Positively charged helical chain-modified stimuli-responsive nanoassembly capable of targeted drug delivery and photoacoustic imaging-guided chemo-photothermal synergistic therapy

Abstract

In cancer treatment, surface modification by penetrating peptides and size control have been exploited as the two main strategies to tackle the problems of deep tumor penetration and cell internalization for nanocarriers. Polymeric nanocarriers with small size are beneficial for deep tumor penetration; however, they always undergo rapid clearance during body circulation and have low tumor accumulation efficiency. To solve this dilemma, a tumor-targeted size-switchable CPT/IR780@H30-PCL-PPI(L−)/PEI(–COOH/FA) nanoassembly with a “pomegranate” construction was designed in this study. Initially, it possessed a large size and negative charge to meet the long blood circulation time but rapidly disassembled into small-sized guanidinium and helical chain-modified unimolecular micelle-based nanocarriers, CPT/IR780@H30-PCL-PPI(L−/ + ), at tumor sites due to the tumor microenvironment-induced charge reversal. The CPT/IR780@H30-PCL-PPI(L−/+) assembly could efficiently expand the penetration depth and accelerate cell internalization due to the guanidinium group-modified helical chains, which exhibited a similar structure to that of the cell penetrating peptides.
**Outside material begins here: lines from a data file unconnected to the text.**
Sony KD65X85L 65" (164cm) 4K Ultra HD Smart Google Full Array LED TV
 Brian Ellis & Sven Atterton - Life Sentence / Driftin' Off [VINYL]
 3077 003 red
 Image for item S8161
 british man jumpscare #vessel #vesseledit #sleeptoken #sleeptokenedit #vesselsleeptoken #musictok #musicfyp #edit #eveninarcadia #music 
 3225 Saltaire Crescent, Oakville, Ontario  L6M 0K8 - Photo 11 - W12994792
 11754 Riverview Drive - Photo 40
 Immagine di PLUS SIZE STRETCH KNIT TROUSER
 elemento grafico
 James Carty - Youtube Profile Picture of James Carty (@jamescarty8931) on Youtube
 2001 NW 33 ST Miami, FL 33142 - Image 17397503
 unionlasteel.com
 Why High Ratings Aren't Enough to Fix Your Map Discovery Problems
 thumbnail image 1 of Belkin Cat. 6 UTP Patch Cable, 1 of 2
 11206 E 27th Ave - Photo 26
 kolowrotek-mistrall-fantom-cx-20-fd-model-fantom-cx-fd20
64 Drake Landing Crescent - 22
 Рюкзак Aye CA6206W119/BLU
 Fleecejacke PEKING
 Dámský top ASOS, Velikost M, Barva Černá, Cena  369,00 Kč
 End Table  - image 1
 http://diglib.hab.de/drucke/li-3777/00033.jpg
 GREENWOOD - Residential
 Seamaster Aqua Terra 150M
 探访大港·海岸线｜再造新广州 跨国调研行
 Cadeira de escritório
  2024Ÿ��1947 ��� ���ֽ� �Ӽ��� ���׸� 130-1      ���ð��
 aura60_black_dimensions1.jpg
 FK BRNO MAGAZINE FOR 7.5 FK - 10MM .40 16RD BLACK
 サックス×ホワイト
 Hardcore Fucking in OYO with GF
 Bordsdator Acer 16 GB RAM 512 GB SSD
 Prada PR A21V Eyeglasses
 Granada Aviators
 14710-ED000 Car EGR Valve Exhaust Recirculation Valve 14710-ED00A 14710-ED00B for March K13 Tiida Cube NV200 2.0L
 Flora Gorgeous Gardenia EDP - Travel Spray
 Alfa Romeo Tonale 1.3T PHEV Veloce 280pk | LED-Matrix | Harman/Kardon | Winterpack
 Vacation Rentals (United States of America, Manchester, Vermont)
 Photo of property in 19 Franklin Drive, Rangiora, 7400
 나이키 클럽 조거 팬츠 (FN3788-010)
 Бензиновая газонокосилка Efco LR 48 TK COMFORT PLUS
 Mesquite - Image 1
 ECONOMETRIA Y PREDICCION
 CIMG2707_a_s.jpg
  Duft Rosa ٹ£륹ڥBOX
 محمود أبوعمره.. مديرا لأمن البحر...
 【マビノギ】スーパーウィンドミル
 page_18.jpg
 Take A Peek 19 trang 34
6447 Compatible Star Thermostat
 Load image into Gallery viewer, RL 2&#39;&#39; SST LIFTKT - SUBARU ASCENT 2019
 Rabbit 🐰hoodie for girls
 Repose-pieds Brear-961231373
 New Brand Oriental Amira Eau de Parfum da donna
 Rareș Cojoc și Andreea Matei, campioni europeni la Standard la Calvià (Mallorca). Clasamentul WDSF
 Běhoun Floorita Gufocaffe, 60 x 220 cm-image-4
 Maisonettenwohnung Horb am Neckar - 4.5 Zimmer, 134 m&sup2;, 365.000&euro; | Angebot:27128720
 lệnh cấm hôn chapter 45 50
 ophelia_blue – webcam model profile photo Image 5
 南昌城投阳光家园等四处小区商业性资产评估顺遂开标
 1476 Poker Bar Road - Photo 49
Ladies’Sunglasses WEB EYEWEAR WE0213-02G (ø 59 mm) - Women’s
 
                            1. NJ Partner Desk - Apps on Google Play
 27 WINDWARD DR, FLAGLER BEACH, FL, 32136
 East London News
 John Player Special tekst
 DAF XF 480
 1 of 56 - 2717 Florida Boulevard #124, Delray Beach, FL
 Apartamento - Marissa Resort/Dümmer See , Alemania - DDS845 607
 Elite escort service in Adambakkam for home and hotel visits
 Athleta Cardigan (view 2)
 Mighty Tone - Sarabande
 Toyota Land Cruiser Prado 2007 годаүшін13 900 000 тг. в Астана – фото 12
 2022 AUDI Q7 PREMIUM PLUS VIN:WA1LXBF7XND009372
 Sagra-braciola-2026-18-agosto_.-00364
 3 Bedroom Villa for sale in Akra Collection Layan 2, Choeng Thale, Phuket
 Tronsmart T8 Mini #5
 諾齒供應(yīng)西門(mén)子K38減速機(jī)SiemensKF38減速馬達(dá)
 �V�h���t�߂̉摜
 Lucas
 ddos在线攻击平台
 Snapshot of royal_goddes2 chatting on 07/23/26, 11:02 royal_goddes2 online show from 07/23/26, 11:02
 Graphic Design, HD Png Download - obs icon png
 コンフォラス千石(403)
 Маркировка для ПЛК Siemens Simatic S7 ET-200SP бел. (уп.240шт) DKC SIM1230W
In addition, the nanoassembly exhibited strong photothermal conversion and acoustic generation efficiency. Moreover, the generated heat significantly improved the drug release, thus realizing functional cooperativity and adaptability. This proof of concept can be supposed to be a significant progress in the design and preparation of tumor microenvironment-responsive drug delivery systems and their use for photoacoustic imaging-assisted chemo-photothermal synergistic therapy.